"5 After this there was a feast of the Jews, and Jesus went up to Jerusalem.
2 Now there is in Jerusalem by the Sheep Gate a pool, in Aramaic called Bethesda, which has five roofed colonnades. 3 In these lay a multitude of invalids—blind, lame, and paralysed. 5 One man was there who had been an invalid for thirty-eight years. 6 When Jesus saw him lying there and knew that he had already been there a long time, he said to him, “Do you want to be healed?” 7 The sick man answered him, “Sir, I have no one to put me into the pool when the water is stirred up, and while I am going another steps down before me.” 8 Jesus said to him, “Get up, take up your bed, and walk.”9 And at once the man was healed, and he took up his bed and walked.

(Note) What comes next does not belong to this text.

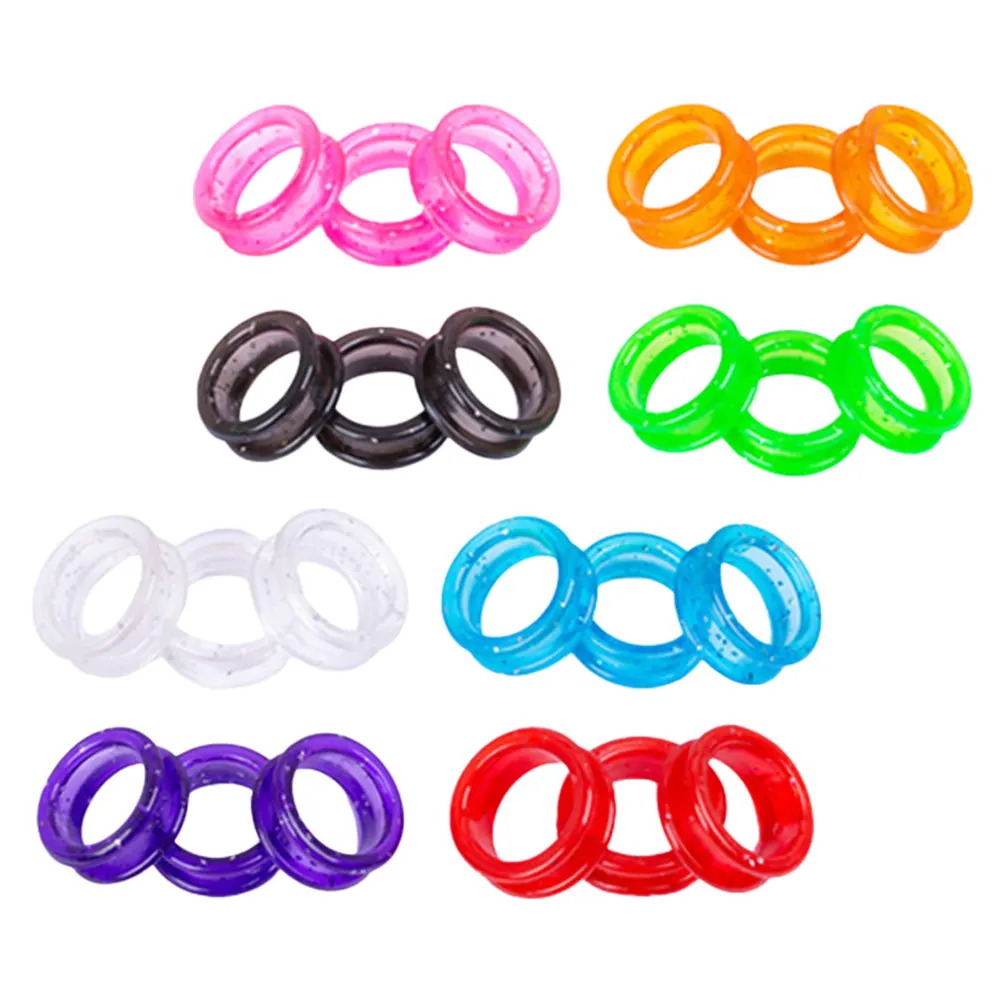 

24 Pcs Silicone Rings Grooming Pet Dog Shear Thumb Grips Colorful Durable Scissors Finger Rings Grips Inserts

Now that day was the Sabbath."
John 5:1-9
The next sign which John records is the healing of the impotent man at Bethesda. We have already seen, in John's use of the word 'signs' to describe the miracles of Jesus, that these miracles are meant to be illustrations in the physical realm of what Jesus came to do in the spiritual realm, and that Jesus Himself indicates this in the way He proceeds to discourse on their significance. Thus, the healing of the impotent man here becomes the 'text', so to speak, on which the following sermon on the imparting of life to the dead (17ff) is based. It cannot therefore be arbitrary to draw spiritual lessons from this miracle. We have the best of authorities for doing so. John, then, is giving further weight to his main message about the meaning of Christ's coming, by showing the grand initiative of the Son of God Who comes to loose them that are bound and proclaim liberty to the captive. And it is this initiative in its most sovereign aspect, apart from faith on the man's part, for he is singled out from the crowd of blind, halt and withered, and sovereignly blessed by the Saviour. In all this, John's point is: Jesus is an all-sufficient Saviour, and there is nothing He cannot do, no need however great, however long-standing, that He cannot deal with and meet. To spiritualise the miracle in this way is not of course to belittle or decry its validity in the physical realm, for it was a remarkable evidence of the power of God that a man who had been impotent for thirty-eight years should have been made immediately and utterly whole. What could more convincingly demonstrate the breaking in of the kingdom of God into human life than this and the Kingship and Lordship of Christ over all sickness and disease?